Music critic John Aizlewood agreed that solo artists receive more attention and adulation — and also more pressure.
“And when you are a solo act, irrespective of what they say in interviews, it’s an incredibly egotistical thing,” he said. “So you tend to be dealing with people who are more emotionally extreme.
“They have an ego in the way a drummer or even a lead guitarist in a band doesn’t.”
In good news for aging rockers, the study found that, after 25 years of fame, stars’ death rates began to return to normal — at least in Europe. A European star still living 36 years after achieving fame faces a similar mortality rate to the European public. But U.S. artists continue to die in greater numbers.
Mr. Bellis said factors contributing to the difference could include longer careers — and thus longer exposure to rock ‘n’ roll excess — in the U.S., a huge, populous country with greater opportunities for aging stars to stay on the road.

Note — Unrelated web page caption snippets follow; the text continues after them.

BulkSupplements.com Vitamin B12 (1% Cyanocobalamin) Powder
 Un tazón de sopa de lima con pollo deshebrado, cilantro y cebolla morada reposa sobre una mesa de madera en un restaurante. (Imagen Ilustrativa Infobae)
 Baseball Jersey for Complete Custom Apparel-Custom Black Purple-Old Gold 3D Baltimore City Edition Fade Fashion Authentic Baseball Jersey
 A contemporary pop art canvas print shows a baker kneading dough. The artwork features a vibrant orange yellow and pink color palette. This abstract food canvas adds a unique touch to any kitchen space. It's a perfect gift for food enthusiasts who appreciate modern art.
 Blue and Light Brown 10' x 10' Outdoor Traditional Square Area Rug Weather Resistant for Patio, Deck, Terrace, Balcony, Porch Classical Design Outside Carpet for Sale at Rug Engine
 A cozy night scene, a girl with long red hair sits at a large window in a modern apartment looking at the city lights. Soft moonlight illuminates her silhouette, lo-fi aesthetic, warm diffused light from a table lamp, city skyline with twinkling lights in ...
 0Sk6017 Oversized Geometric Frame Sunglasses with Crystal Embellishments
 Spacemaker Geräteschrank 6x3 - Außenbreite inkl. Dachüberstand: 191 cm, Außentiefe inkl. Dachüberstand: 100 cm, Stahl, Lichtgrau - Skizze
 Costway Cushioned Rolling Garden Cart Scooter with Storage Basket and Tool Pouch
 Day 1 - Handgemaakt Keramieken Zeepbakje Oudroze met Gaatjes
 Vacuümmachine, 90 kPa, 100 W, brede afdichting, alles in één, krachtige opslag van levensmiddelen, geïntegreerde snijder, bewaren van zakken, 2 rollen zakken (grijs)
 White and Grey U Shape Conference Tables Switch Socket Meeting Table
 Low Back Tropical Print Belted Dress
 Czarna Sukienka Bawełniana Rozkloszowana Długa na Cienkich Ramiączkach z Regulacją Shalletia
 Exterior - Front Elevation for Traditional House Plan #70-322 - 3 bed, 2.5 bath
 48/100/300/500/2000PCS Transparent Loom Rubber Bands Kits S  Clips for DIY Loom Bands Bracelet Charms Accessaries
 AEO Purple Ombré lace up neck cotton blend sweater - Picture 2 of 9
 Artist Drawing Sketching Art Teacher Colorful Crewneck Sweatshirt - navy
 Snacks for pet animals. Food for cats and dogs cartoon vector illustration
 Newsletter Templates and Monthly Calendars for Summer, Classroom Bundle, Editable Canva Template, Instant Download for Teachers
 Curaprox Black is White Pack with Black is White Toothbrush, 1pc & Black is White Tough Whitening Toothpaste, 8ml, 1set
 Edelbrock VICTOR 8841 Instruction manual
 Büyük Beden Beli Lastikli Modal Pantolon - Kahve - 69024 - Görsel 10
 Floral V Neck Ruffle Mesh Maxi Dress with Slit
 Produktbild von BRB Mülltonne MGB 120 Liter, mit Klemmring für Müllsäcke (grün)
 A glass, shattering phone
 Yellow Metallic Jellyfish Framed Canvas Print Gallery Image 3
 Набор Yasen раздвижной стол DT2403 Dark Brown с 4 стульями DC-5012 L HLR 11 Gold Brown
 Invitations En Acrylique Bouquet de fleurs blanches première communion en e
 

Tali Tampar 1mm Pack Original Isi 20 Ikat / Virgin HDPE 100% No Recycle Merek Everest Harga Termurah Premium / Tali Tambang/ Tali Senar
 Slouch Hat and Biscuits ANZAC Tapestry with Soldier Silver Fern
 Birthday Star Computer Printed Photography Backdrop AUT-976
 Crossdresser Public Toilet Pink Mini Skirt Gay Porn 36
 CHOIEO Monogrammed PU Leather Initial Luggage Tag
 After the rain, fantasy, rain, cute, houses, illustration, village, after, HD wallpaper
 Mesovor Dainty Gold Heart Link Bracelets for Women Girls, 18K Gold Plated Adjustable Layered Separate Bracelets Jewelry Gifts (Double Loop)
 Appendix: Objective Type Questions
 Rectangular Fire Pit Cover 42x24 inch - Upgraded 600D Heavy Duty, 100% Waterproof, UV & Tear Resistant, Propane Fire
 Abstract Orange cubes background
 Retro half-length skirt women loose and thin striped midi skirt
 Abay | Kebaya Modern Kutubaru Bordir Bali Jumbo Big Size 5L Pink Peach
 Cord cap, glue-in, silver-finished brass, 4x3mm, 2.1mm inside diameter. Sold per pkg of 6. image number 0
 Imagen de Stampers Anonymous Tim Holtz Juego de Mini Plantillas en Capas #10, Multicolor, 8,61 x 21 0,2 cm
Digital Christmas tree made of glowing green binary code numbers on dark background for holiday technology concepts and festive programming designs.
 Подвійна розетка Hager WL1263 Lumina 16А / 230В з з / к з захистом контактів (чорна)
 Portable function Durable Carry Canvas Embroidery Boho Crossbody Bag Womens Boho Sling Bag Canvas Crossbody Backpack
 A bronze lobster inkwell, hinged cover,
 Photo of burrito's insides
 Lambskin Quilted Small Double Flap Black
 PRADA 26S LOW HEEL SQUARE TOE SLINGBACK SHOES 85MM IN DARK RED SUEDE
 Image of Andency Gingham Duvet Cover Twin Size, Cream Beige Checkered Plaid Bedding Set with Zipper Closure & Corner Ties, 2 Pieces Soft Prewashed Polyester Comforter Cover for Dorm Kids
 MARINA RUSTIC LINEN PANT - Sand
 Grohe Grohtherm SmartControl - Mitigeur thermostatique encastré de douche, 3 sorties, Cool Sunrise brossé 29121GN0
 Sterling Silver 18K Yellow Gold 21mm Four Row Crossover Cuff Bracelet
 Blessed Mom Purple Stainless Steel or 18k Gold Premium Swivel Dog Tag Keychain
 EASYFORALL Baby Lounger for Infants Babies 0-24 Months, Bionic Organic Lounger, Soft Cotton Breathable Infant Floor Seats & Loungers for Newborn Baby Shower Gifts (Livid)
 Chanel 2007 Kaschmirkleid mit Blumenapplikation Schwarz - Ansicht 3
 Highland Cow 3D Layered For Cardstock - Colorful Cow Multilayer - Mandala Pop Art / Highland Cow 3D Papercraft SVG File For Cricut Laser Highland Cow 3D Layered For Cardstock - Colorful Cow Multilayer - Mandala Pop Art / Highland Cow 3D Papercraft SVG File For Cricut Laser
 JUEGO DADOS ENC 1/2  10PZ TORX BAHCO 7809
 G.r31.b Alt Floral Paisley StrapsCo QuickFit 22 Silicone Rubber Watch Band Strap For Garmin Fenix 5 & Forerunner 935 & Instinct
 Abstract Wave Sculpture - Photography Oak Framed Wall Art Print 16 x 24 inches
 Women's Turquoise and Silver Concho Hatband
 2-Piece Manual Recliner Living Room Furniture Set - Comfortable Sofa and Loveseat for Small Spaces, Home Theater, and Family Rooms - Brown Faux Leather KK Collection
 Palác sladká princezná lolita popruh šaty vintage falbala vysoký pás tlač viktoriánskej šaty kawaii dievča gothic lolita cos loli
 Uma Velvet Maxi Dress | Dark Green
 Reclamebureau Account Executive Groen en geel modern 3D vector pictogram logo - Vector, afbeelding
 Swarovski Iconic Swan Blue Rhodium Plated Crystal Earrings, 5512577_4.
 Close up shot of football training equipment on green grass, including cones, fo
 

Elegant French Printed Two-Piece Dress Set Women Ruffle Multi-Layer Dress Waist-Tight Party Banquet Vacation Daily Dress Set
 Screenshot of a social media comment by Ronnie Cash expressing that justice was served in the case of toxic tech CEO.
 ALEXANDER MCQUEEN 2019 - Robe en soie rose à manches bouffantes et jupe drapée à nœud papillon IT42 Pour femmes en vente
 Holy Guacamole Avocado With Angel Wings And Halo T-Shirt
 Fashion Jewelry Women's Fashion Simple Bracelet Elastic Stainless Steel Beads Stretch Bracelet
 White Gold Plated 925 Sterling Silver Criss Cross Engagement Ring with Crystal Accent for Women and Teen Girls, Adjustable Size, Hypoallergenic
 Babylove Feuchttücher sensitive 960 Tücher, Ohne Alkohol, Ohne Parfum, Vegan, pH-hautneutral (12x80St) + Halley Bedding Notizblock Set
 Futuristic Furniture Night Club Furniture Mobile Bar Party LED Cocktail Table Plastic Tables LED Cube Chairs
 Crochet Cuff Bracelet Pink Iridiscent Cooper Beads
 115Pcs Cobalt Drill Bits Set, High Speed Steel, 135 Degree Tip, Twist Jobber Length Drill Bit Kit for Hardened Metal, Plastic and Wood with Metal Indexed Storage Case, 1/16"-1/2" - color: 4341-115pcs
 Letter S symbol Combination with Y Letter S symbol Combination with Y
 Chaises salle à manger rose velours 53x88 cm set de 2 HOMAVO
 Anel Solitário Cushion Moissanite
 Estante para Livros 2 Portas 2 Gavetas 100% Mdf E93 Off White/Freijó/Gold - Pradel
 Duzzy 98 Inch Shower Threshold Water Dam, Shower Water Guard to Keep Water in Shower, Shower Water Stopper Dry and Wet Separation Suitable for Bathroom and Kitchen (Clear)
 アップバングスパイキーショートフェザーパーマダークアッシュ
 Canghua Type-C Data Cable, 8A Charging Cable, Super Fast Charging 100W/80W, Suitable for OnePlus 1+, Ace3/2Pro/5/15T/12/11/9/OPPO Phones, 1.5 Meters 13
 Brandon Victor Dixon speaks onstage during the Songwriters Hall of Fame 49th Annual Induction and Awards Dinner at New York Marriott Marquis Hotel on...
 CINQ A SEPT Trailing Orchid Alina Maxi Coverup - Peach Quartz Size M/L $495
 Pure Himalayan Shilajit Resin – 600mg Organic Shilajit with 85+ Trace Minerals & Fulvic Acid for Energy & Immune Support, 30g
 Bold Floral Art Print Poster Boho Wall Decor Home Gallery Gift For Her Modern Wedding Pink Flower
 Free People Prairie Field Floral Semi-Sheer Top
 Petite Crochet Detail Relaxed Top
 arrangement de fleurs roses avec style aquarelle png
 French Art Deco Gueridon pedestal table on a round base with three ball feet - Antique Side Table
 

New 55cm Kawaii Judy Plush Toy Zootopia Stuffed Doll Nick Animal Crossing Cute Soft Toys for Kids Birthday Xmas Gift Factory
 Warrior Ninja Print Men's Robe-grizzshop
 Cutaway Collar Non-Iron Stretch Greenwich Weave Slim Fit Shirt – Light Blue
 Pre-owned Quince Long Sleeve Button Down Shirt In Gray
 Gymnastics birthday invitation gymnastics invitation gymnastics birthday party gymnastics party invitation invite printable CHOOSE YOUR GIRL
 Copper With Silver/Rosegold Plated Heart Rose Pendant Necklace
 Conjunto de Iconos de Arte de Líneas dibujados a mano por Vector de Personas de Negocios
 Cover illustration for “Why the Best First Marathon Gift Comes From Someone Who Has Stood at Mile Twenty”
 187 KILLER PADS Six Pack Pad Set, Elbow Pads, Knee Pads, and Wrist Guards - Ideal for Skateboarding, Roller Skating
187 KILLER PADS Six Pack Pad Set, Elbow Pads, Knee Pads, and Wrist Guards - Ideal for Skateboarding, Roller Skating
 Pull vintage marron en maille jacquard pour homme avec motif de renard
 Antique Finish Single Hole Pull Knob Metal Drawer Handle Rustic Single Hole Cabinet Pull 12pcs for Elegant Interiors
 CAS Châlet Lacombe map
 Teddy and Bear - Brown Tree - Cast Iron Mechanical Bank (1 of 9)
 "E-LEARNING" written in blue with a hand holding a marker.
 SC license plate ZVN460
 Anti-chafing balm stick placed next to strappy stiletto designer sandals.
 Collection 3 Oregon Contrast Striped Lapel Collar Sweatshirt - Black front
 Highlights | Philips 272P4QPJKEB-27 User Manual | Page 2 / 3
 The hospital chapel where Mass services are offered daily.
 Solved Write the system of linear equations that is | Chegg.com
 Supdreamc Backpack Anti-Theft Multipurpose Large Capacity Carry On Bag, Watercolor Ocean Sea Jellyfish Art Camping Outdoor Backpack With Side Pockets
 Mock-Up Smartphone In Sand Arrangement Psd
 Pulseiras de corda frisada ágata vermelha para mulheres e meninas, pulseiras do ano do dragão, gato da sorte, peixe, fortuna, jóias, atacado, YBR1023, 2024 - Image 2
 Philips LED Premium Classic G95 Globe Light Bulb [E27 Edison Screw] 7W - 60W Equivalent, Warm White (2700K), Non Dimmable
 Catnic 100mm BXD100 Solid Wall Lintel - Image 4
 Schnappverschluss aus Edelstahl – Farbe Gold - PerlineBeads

Europe’s stronger social safety net and socialized medicine also may play a role, he said.
The research, which updates a 2007 study by the same team, was published in the online journal BMJ Open.
The study suggests the infamous rock ‘n’ roll lifestyle may not be entirely to blame for rock stars’ death risk.
The researchers looked for the first time at the role of “adverse childhood experiences” — such as physical or sexual abuse — on stars’ later behavior.